Eating just four walnuts a day has been shown to significantly raise blood levels of heart-healthy ALA,3 and walnut consumption supports healthful cholesterol levels.

Separate research showed that eating just one ounce of walnuts a day may decrease cardiovascular risk,4 and among those at high cardiovascular risk, increased frequency of nut consumption significantly lowers the risk of death.5

3. Rare and Powerful Antioxidants

Antioxidants are crucial to your health, as they are believed to help control how fast you age by combating free radicals, which are at the heart of age-related deterioration.

Walnuts contain several unique and powerful antioxidants that are available in only a few commonly eaten foods. This includes the quinone juglone, the tannin tellimagrandin, and the flavonol morin.6

Walnuts contain antioxidants that are so powerful at free-radical scavenging that researchers called them "remarkable,"7 and research has shown that walnut polyphenols may help prevent chemically-induced liver damage.8

In another study, researchers found that nuts, especially walnuts, have potent antioxidant powers. Walnut polyphenols had the best efficacy among the nuts tested and also the highest lipoprotein-bound antioxidant activity. The researchers concluded.
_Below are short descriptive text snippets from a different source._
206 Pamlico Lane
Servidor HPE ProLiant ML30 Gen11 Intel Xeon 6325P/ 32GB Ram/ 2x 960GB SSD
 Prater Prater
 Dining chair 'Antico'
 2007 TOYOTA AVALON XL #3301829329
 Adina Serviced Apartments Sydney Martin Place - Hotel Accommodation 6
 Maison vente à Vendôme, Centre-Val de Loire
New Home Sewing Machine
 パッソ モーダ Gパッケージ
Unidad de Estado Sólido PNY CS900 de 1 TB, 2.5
"Nuts are high in polyphenol antioxidants which by binding to lipoproteins would inhibit oxidative processes that lead to atherosclerosis in vivo. In human supplementation studies nuts have been shown to improve the lipid profile, increase endothelial function and reduce inflammation, all without causing weight gain."

4. Weight Control

Adding healthful amounts of nuts such as walnuts to your diet can help you to maintain your ideal weight over time. In one review of 31 trials, those whose diets included extra nuts or nuts substituted for other foods lost about 1.4 extra pounds and half an inch from their waists.10 Eating walnuts is also associated with increased satiety after just three days.11

5. Improved Reproductive Health in Men

One of the lesser-known benefits of walnuts is their impact on male fertility. Among men who consume a Western-style diet, adding 75 grams (a bit over one-half cup) of walnuts daily significantly improved sperm quality, including vitality, motility, and morphology.12

6. Brain Health

Walnuts contain a number of neuro protective compounds, including vitamin E, folate, melatonin, omega-3 fats, and antioxidants. Research shows walnut consumption may support brain health, including increasing inferential reasoning in young adults

One study also found that consuming high-antioxidant foods like walnuts "can decrease the enhanced vulnerability to oxidative stress that occurs in aging," "increase health span," and also "enhance cognitive and motor function in aging."

7. Diabetes

The beneficial dietary fat in walnuts has been shown to improve metabolic parameters in people with type 2 diabetes. Overweight adults with type 2 diabetes who ate one-quarter cup of walnuts daily had significant reductions in fasting insulin levels compared to those who did not, and the benefit was achieved in the first three months .



Quick Servings

  • Mix crushed walnuts into plain yogurt and top with maple syrup.
  • Add walnuts to salads or healthy sautéed vegetables.
  • Purée walnuts, cooked lentils and your favourite herbs and spices in a food processor. Add enough olive or flax oil so that it achieves a dip-like consistency.
  • Add walnuts to your favourite poultry stuffing recipe.
  • To roast walnuts at home, do so gently—in a 160-170°F (about 75°C) oven for 15-20 minutes—to preserve the healthy oils. For more on the effect of high heat roasting on nuts, please see the following article.
  • Make homemade walnut granola: Mix together approximately 1/2 cup of honey, 3 to 4 tablespoons of blackstrap molasses, a tablespoon of vanilla, a dash of salt, and a teaspoon each of your favourite spices, such as cinnamon, ginger and/or nutmeg. Place 6-8 cups of rolled oats in a large bowl and toss to coat with the honey-blackstrap mixture. Then spread on a cookie sheet and bake at 275°F (135°C) for 45 minutes. Cool and mix in 1/2 to 1 cup of walnuts.